Tue Oct 27, 2015, 06:25 PM
Oct 2015
The congress has been called to help re-arm the activists of the left-wing party that began life in 1980 as a front of revolutionary groups engaged in a guerilla war. Today, 13 years after peace accords ended the armed conflict, it is in government. (from the OP, my emphasis)


Awkward wording. This congress is political, not military--as the rest of the article makes clear--and its discussions will be about re-invigorating the Left as a political force (not re-arming guerrillas). Re-invigoration of the Left is possibly needed as a result of the past FMLN government's compromises over U.S. "free trade for the rich" and other US. corporate/military-induced problems (although neither the article nor the spokespeople say this). When the first FMLN government was elected, it featured Mauricio Funes as president. He wasn't even a member of the FMLN (I didn't know that), and was too young to have fought in the civil war, but was chosen as the best candidate to further the FMLN's social goals, and as to "electability" (I gather). He was elected in the midst of the Bush junta and, given El Salvador's close ties to the U.S., was possibly too cautious (my guess) about the FMLN's socialist goals, though he certainly did accomplish some of them. Now the country has elected an actual FMLN former guerrilla, Sanchez Ceren, as president, and (according to the article) Ceren's intends yet more progressive change.

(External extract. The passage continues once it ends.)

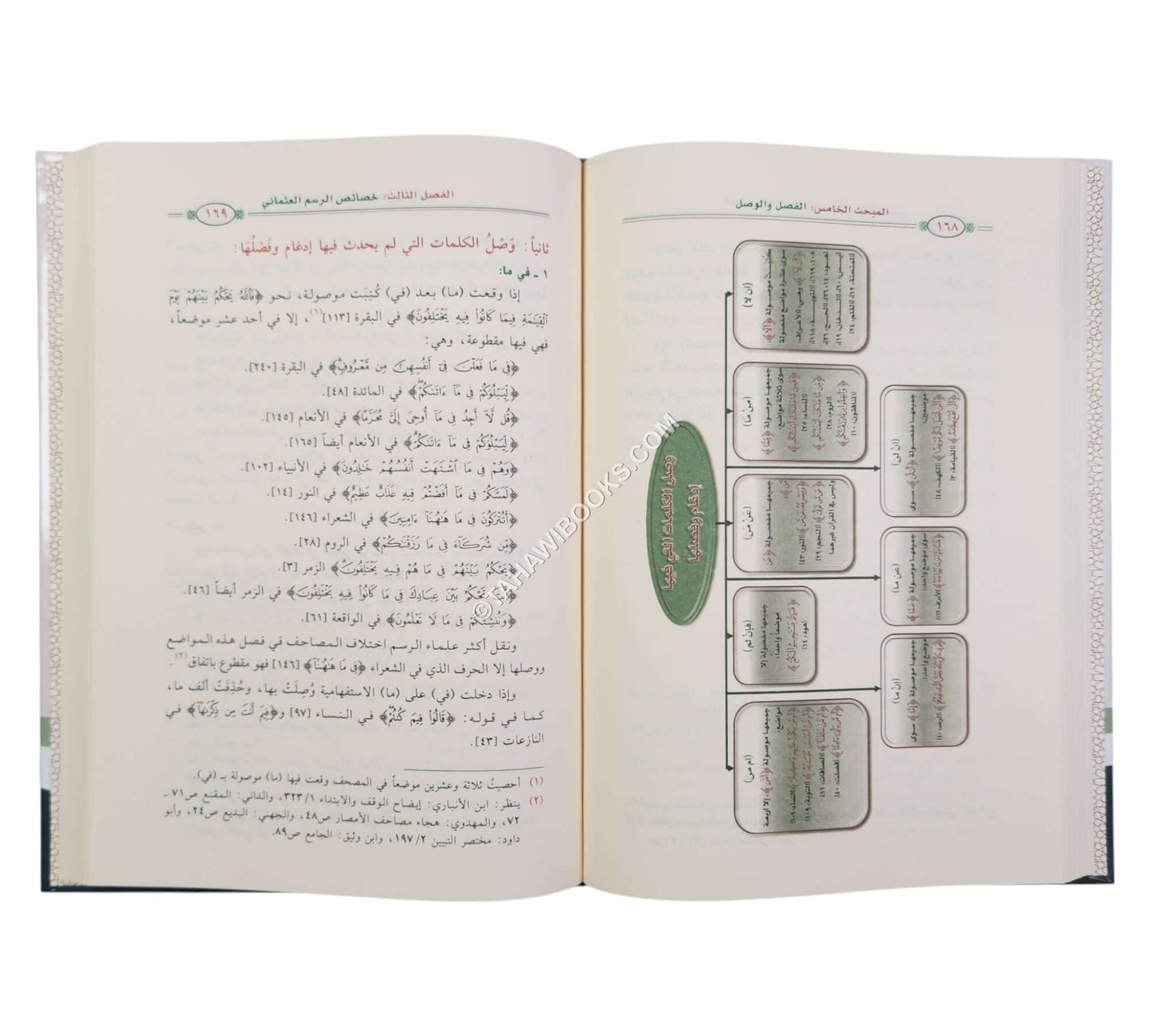 الميسر في علم رسم المصحف وضبطه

The FMLN has never had a party congress before--a process and a general meeting--to hammer out policy. The policy will not be binding, merely guidance, but will emerge out of an enviable process of mass participation in smaller party meetings all over the country, thence to the general congress.

If Bernie Sanders accomplishes nothing else, I hope that he inspires such a congress, here, inclusive of all registered Democrats and perhaps extended to all progressives--independents, Greens, etc.--not just to discuss and formulate national and local policy but also to organize great numbers of people to hold our representatives accountable. Our party system here has not worked this way for a long time--inclusive and participatory.

Judi Lynn

(160,217 posts)
2. We need radical change, in a hurry. Republicans have nearly destroyed everything.
Wed Oct 28, 2015, 01:03 PM
Oct 2015

It only has to take a look around at cities, infrastructure to see how deadly the right really is.

Did want to mention Mauricio Funes brother was a rebel who was killed during their war. It was such a surprise to see the younger brother run for the presidency and win, considering how powerful the US-supported right-wing has been: "Arena," I believe.